Tenth Circuit rules on hydroponic tomato raid

A hydroponic-tomato setup and the finding of soggy tea leaves in discarded trash led heavily armed cops to stage an early morning surprise raid on a Kansas family’s home, part of a police venture called Operation Constant Gardener. As noted earlier, my colleagues at the Cato Institute filed an amicus brief urging the Tenth Circuit to uphold the family’s rights by applying “the knock-and-announce rule… an ancient one rooted in the English common law dating back to the early 17th century.”

This week a Tenth Circuit panel reinstated many of the claims in the family’s lawsuit. Kyle Swenson, Washington Post:

…this week a three-judge panel on the U.S. Court of Appeals for the 10th Circuit ruled that the family could move forward in court. The decision has larger implications for Fourth Amendment litigation and legislation targeting badly behaving police officers.

The scorching judicial pronouncement blasted authorities for laziness and possible fabrication, the kind of overzealous police work that’s become a sometimes deadly facet of the drug war….

“The defendants in this case caused an unjustified governmental intrusion into the Hartes’ home based on nothing more than junk science, an incompetent investigation, and a publicity stunt,” Judge Carlos Lucero wrote in his opinion. “The Fourth Amendment does not condone this conduct, and neither can I.”…

The appellate win, if not successfully appealed, means the Hartes will be able to press their case in district court.

And this from Ilya Shapiro on the new Tenth Circuit decision:

Even if the court didn’t fully address the issues Cato raised in our brief, the ruling in Harte v. Board of Commissioners of Johnson County, Kansas is a step forward….

The Tenth Circuit mostly agreed with Cato on the Fourth Amendment issue. Two judges on the three-judge panel found that the district court had been wrong to grant summary judgment to the police on the search and seizure issue, with Judge Carlos Lucero alluding briefly to the knock-and-announce requirement. It was a convoluted opinion that took a long time to produce because of each judge writing separately and different sets of judges coming together on different parts of the ruling. Most importantly, Judge Gregory Phillips, joined by Judge Lucero, found that “what the deputies learned early on in the search dissipated any probable cause to continue searching.”
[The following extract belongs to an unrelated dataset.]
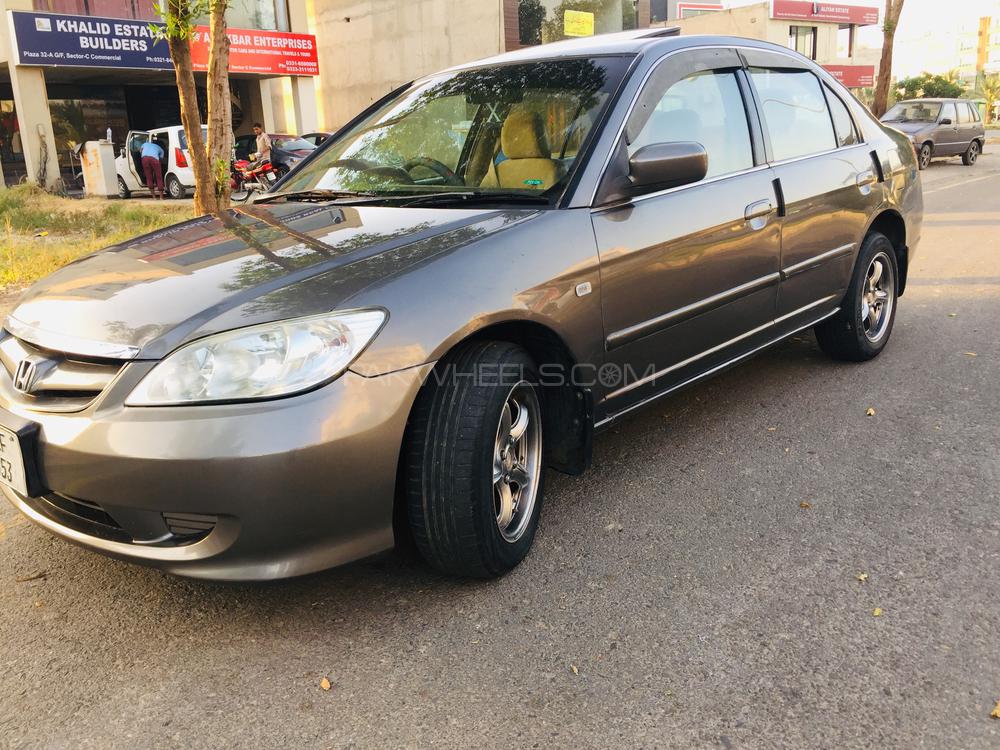 Honda Civic 2004 for Sale in Lahore Image-1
Ultimately, the judges only discussed in passing the police-militarization and general-warrant concerns raised by Cato and sided with the police on the excessive-force claims. Nevertheless, the court held that what the Hartes experienced qualified as unreasonable search and seizure – and also let them continue with their state-law claims – so Harte v. Board of Commissioners represents a positive development in the jurisprudence surrounding dynamic police raids.

7 Comments

  • And no apologies from the cops . . . .

    • They can’t apologize [even if they wanted to, which I doubt] because it might prejudice their case.

      • They still can, and they could have immediately after the raid.

        I wonder, is accusing a son of drug use with no evidence to the father’s face “fighting words?”

        By the way, the WaPo article misstated the standard for QI and it also took an unwarranted shot at Jeff Sessions. And the praise of the Obama Administration, which is no stranger to heavy-handed DoJ conduct, was just rich.

      • Of course they can. They are claiming immunity – not that the raid was appropriate. Just that it didn’t rise to a level of inappropriateness that would wipe out the immunity they are claiming.

        • At this stage, they can no longer claim immunity. And it would have been imprudent to apologize earlier because of the possibility [high probability, and I suspect their attorneys anticipated that] of precisely such a stripping of immunity.

          • It’s not disputed that the cops raided the home and found nothing. An apology for that wouldn’t prejudice the case if it was worded correctly.

            I can see why they wouldn’t want to use expensive attorney time vetting an apology to make sure it IS worded correctly, but don’t say they can’t do it.

        • We are the police, we are OMNIPOTENT. The family was unwilling to accept our sincere “oops”. Obviously no sense of humor. We on the other side simply have no sense. Just wait till we get our armored vehicle from Trump.